Electroextraction of gadolinium from Gd2O3 in LiCl–KCl–AlCl3 molten salts

Abstract

This work concerns directly the extraction of gadolinium from Gd2O3 by co-reduction with Al3+ in the LiCl–KCl–AlCl3 molten salts on the molybdenum and aluminum electrode, respectively, at temperature of 773K. Gibbs energy calculation shows that AlCl3 can favorably chloridize Gd2O3 and release Gd3+ ions. The electrochemical behaviors of Al3+, Gd3+ and the mechanisms of alloy formation were investigated by conducting a series of electrochemical techniques.
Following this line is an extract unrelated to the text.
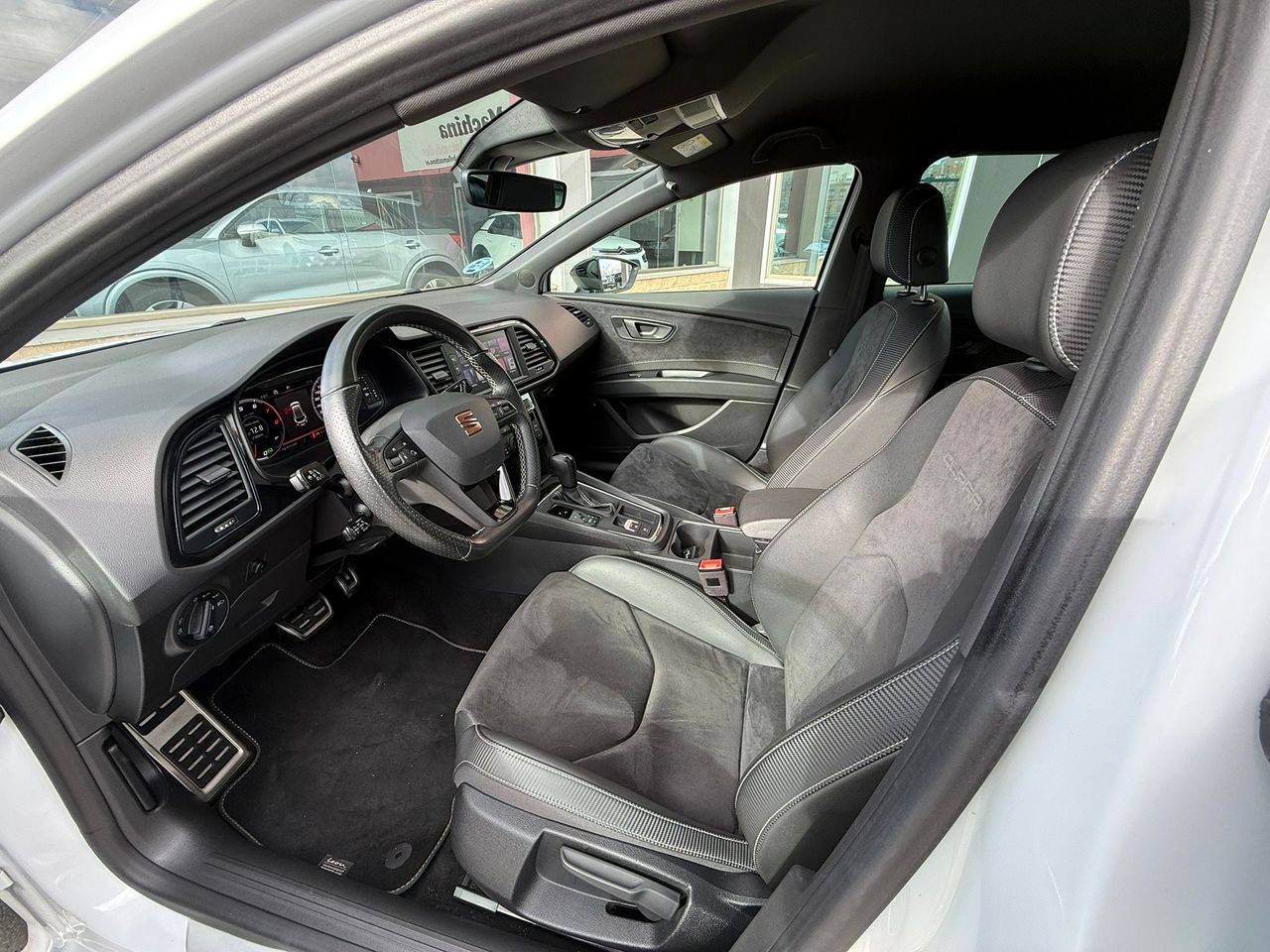 Seat Leon ST 2.0 TSI 221kW 4Drive DSG S&S Cupra - Foto 2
Four typical signals were observed in cyclic voltammetry, square wave voltammetry and chronopotentiometry, while five plateaus were observed in open circuit chronopotentiometry, which might correspond to different kinds of Gd–Al intermetallic compounds. Potentiostatic and galvanostatic electrolysis were conducted to extract gadolinium from the LiCl–KCl–AlCl3 melts by the co-reduction method, and it was found that if the molybdenum cathode was used, GdAl2 particles would be deposited and adhere to a large amount of salt electrolytes. In contrast, when the aluminum plate was used as the cathode, a layer formed by potentiostatic electrolysis corresponding to an intermetallic compound (GdAl3) and three layers formed by galvanostatic electrolysis corresponding to three different Gd–Al intermetallic compounds such as GdAl3, GdAl2 and GdAl could be collected and identified through scanning electron microscopy (SEM)–energy dispersive X-ray (EDX) and X-ray diffraction (XRD) analysis. Besides, electroextractions of gadolinium by co-reduction with Al3+ on the aluminum electrode have been performed with extraction efficiency of 89.7% for potentiostatic electrolysis and 96.5% for galvanostatic electrolysis, respectively.